Missing women' loom over India's art fair

Large black figures cast in steel loomed over the India Art Fair as it opened on Friday with the display of the eerie silhouettes seeking to highlight the country's millions of "missing" women.
The outdoor installation called M.I.S.S.I.N.G. by artist Leena Kejriwal is a visual response to alarming research showing a gaping gender gap in India, which has led to severe imbalances in some parts of the country.
Caused by sex-selective abortion, infanticide and the death of girls through neglect, the issue is part of a national debate about women's rights sparked by fresh scrutiny of sexual violence.

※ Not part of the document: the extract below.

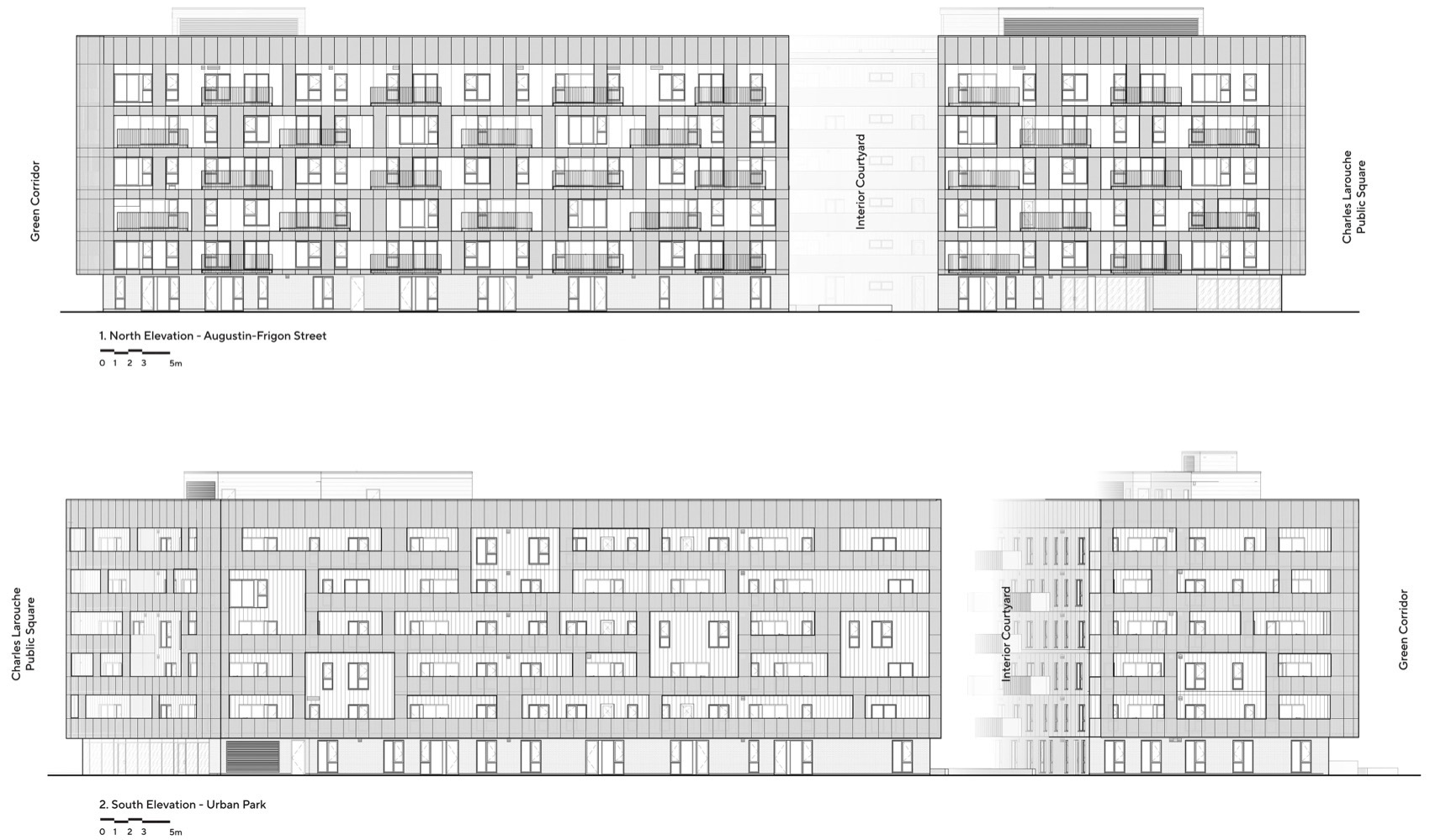 Cité Angus 二期丨加拿大蒙特利尔丨Ædifica-42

The three outsized sculptures are meant to be "like sharp, black holes cut out of the sky. Holes into which millions of girls disappear from the face of this earth," according to Kejriwal's description of the project.

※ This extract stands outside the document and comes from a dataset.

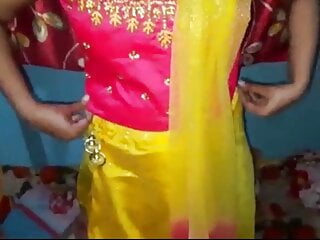 Lehenga Pehna Ke Choda Full Masti With Pooja Bhabhi free video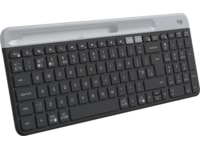 Logitech K580 Slim Multi-Enhet Tastatur Tastatur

India's 2011 census data showed that just 914 girls are born nationwide per 1,000 boys -- much behind the global benchmark of 952 -- reflecting a cultural preference for male heirs.
The India Art fair has been phenomenally successful since its first edition in 2008 and now draws leading local and international galleries and artists, as well as hundreds of thousands of members of the public.

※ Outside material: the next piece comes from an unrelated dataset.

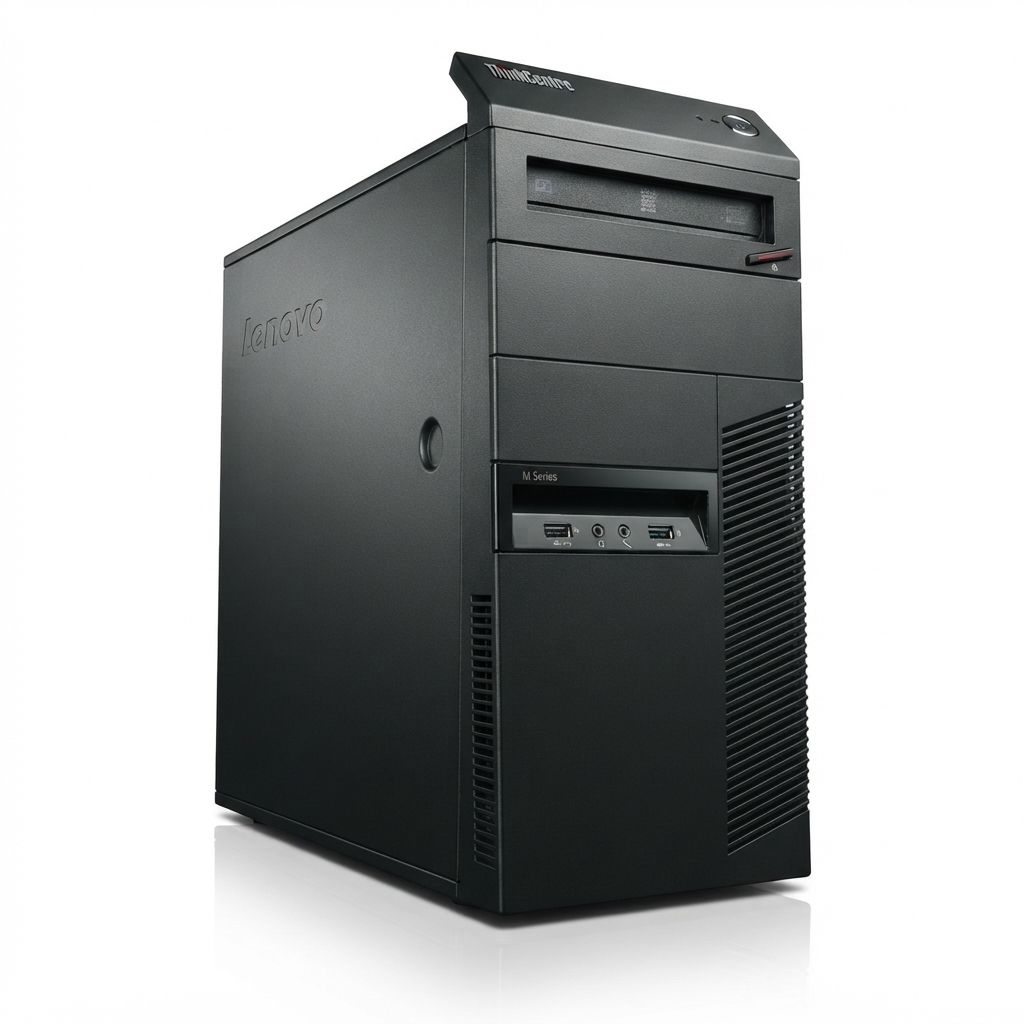 Lenovo - Desktop - ThinkCentre M93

This year organisers signalled their intent to tackle some of the issues thrown up by the sweeping changes underway in the world's biggest democracy, wrought by economic development and globalisation.
Another public photo display challenges a recent Supreme Court decision which has recriminalised gay sex by reinstating a 1860 colonial law that outlaws "carnal intercourse against the order of nature."
"We are in a state of flux, in a state of change and the art is responding to that," Art Fair founder Neha Kirpal told AFP.
"There is a degree of freshness and energy, a degree of revolt and rebellion sometimes. The art reflects the mood and energy of the country," she added.
The Indian market is still far off its peaks of 2008 when the global financial crisis led to a sharp fall in prices, leaving many investors who had rushed into the young art scene badly burned.
The market for top-end pieces by established modern artists remains strong -- as demonstrated by a recent record Christie's auction in Mumbai -- but prices for the rest are still depressed, experts say.
In 2010, the United Nations Development Programme said that Asia was "missing" about 96 million women -- the vast majority in China and India -- who died from discriminatory healthcare and neglect or who were never born at all.
India has seen its women's rights movement gain confidence over the past year in response to a string of horrifying sex crimes reported in the media, starting with the gang-rape of a student on a New Delhi bus in December 2012.